Herr Schneeberger stellt dabei Fragen, als wäre er Kurt Aeschbacher: «Was dänke ir, was erwartet euch det?» (in der Kita), «Ja Ching, grossmehrheitlich», sagt Hansjörg, der wiederum von einem Knirps wissen will: «Chönntsch du dir vorschtelle, schpäter mal a d'ETH z'gah?» Und so geht es weiter, im Wald bei einem Kiffversuch und in Bern bei einem Clubbesuch. Margrit versucht krampfhaft, die Frechheit ihrer Fingernägel auch anderswo ein bisschen zu spüren, und Hansjörg ist ein geistig derart komatöser Klos, dass er sich tatsächlich fragt, ob die Mutter eines sechs Monate alten Babys eigentlich nicht noch schwanger sei. 

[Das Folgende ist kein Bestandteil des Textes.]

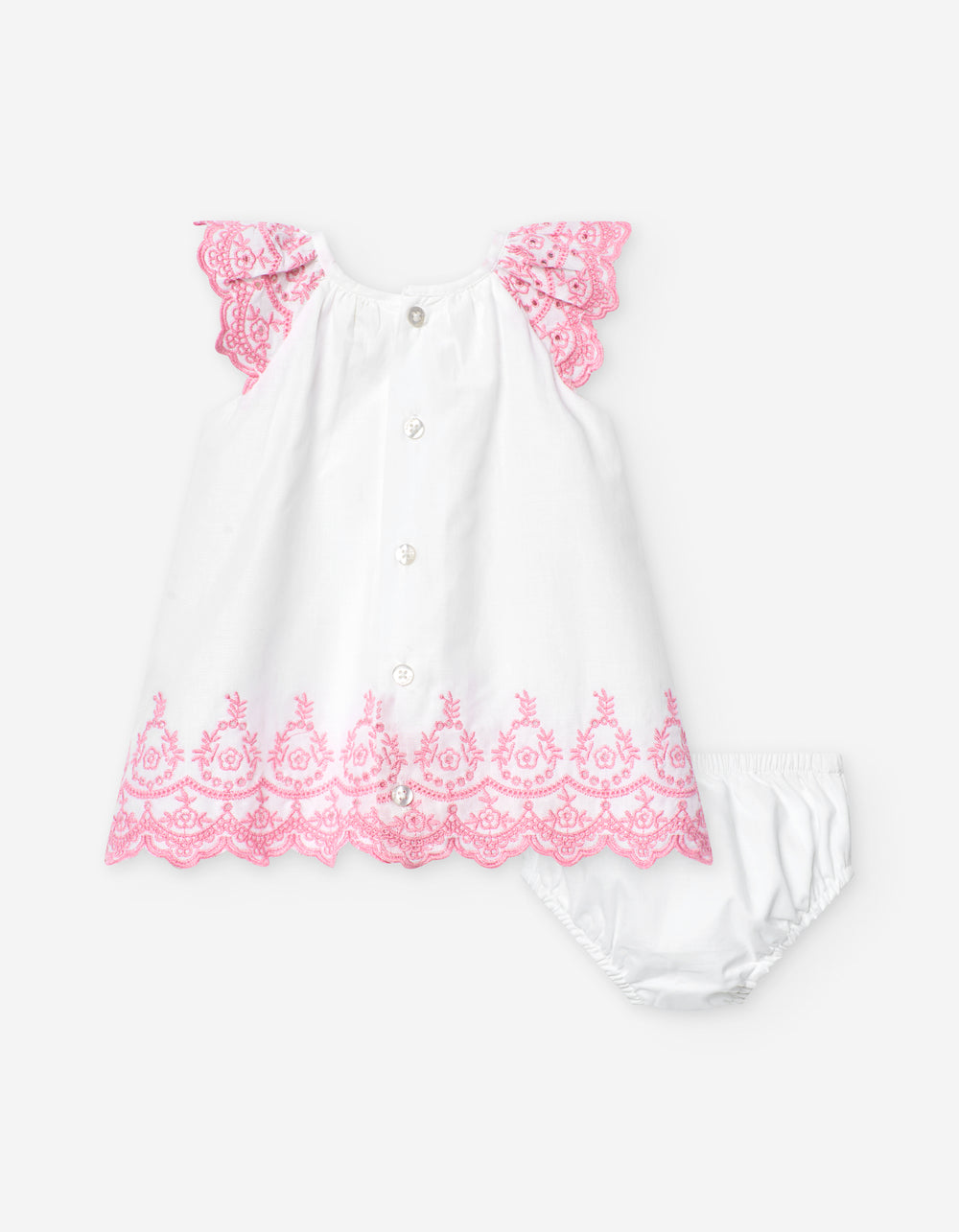 DRESS CAMBRIC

Natürlich ist das alles so kleinkariert wie es klingt und liegt damit in einer gutschweizerischen Unterhaltungstradition. Die richtige Komik, die passiert im Konflikt der Schneuwlys mit den kleinen Kindern im Hort und den grossen Kindern im Ausgang. Da trifft der pseudotolerante Landstammtisch dann auf die ganz normale, medial verseuchte Jugend, die sich einzig und allein für die TV-Kamera des Herrn Schneebergers und das «Sicherheitsdispositiv» der Schneuwlys interessiert und daraus ihre Schlüsse zieht. «Was sid dir? Berüehmt?» will die Jugend wissen. Eine Frage, die all den brav zuhause kochenden SRF-Landfrauen wahrscheinlich noch kaum jemand gestellt hat.

«Experiment Schneuwly» läuft immer online oder heute Montag um 23.05 Uhr auf SRF1.